Von links bis rechts ist man sich einig: Klassenlehrer sind überlastet und Mini-Pensen ein Problem. Aber damit endet der Konsens.
Abgesprochen haben sie sich sicher nicht. Es ist schwer vorstellbar, dass diese beiden Gruppen überhaupt irgendeine Schnittmenge haben.
Auf der einen Seite die linken, gewerkschaftlich beseelten Lehrerinnen und Lehrer, die am Wochenende trommelnd durch die Zürcher Innenstadt zogen. Auf ihren Plakaten Botschaften wie «13 Wochen Ferien sind nicht genug» oder «Teilziit schaffe zum gsund bliibe».
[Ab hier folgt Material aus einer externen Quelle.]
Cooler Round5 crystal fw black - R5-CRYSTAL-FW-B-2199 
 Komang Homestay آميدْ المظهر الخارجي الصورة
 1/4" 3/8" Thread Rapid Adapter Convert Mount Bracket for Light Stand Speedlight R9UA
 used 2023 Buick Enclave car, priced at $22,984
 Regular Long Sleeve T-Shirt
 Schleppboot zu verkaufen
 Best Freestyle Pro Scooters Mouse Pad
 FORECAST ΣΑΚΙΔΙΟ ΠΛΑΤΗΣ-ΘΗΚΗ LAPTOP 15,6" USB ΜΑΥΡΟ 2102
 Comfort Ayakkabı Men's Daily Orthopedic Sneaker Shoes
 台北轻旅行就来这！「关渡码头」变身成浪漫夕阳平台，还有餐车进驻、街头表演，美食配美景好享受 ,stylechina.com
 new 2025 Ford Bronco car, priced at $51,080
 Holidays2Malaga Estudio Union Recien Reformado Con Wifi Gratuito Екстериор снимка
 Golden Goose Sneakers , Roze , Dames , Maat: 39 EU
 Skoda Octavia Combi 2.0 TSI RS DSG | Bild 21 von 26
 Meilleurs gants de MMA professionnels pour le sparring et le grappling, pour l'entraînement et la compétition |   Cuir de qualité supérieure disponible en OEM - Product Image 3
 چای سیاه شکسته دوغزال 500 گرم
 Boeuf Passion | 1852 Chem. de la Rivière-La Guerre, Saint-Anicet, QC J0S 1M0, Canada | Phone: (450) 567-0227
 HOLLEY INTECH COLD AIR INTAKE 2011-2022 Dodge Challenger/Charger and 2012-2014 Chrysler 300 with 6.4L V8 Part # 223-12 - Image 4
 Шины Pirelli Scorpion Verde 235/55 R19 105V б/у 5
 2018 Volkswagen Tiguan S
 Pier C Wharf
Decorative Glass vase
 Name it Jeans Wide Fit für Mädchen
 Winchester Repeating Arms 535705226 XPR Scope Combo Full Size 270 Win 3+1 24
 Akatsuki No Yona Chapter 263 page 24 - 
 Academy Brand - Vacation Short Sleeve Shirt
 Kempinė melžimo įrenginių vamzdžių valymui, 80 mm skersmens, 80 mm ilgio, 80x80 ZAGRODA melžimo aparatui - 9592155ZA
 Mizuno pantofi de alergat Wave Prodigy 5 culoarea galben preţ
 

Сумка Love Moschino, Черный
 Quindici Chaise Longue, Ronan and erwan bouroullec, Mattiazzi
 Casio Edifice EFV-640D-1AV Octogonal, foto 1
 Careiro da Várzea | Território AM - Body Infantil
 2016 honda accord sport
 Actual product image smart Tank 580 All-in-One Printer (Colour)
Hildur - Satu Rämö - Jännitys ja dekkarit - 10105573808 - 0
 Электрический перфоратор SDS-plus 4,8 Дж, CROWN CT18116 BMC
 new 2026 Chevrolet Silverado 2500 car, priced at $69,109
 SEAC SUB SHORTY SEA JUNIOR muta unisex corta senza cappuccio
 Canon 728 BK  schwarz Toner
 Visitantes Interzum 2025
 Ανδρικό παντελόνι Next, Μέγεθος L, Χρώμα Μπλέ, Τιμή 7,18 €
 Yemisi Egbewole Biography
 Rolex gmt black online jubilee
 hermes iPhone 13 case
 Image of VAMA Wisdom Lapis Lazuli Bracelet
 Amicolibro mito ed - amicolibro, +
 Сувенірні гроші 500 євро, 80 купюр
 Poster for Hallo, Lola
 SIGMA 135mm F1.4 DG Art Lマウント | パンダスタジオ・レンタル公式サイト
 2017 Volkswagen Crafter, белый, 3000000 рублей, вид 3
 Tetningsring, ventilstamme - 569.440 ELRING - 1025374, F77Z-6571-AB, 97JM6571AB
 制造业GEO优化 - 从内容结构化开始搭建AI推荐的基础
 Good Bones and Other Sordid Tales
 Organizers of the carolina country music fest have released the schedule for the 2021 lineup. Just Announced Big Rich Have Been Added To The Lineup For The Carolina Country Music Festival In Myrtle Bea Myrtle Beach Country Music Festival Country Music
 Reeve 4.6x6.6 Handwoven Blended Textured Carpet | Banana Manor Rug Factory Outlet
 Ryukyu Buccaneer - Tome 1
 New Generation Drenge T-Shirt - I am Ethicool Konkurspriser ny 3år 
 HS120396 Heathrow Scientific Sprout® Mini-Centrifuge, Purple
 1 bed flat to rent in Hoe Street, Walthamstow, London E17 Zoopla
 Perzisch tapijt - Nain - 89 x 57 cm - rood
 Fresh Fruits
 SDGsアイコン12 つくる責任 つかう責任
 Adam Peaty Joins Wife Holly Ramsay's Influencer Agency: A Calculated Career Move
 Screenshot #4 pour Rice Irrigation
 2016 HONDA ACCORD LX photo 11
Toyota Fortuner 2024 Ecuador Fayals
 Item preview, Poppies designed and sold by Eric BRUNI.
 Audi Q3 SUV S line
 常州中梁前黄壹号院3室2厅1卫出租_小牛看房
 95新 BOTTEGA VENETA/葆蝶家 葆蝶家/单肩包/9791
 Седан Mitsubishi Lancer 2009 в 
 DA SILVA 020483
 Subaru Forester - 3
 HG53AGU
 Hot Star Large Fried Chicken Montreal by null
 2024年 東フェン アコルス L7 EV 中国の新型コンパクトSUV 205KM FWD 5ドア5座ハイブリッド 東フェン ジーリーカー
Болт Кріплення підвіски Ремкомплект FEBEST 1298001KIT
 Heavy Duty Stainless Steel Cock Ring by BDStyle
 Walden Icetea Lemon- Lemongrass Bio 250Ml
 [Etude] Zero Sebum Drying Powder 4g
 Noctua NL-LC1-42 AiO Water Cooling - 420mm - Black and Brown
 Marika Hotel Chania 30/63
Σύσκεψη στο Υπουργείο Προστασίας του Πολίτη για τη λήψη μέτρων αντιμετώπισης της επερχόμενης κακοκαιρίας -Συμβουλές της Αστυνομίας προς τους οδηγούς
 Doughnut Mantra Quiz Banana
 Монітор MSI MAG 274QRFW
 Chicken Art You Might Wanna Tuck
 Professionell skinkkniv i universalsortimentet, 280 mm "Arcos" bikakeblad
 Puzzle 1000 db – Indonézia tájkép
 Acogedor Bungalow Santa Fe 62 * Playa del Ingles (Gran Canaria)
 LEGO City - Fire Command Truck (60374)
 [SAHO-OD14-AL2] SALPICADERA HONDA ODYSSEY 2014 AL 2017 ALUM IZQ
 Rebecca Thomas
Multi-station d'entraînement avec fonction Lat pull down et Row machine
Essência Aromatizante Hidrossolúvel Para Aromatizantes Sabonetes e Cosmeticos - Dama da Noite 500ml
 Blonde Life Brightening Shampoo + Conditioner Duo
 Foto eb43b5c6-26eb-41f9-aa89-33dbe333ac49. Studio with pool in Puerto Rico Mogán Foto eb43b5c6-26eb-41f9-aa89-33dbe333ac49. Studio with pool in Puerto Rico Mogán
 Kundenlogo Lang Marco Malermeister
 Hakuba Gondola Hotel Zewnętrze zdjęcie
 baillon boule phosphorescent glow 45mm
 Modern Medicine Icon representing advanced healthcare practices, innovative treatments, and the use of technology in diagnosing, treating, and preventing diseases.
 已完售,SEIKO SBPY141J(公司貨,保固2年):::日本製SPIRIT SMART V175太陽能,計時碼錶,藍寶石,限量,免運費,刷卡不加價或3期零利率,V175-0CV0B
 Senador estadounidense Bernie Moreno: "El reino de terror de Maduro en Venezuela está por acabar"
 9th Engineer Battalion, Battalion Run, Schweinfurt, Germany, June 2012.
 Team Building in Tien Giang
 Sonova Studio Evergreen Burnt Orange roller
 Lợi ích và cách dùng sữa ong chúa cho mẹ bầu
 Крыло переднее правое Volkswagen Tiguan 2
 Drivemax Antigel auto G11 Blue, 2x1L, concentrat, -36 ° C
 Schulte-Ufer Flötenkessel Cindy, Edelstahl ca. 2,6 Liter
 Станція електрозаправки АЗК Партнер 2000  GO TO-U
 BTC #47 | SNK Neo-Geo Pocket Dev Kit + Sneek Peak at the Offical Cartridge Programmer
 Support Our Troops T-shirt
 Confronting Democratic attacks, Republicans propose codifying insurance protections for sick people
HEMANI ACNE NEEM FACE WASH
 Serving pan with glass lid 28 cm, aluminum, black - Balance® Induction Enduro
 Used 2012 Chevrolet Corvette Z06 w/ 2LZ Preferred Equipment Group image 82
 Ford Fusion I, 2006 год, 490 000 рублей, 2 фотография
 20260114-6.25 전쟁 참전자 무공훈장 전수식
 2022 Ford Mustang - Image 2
Auf der anderen Seite bürgerliche Bildungspolitiker wie Marc Bourgeois (FDP, Zürich) oder Rochus Burtscher (SVP, Dietikon), die als privatwirtschaftlich geprägte Typen dem Lobbying der Staatsangestellten misstrauen. Und die auf ihren Ruf nach «immer noch mehr Ressourcen» empfindlich reagieren.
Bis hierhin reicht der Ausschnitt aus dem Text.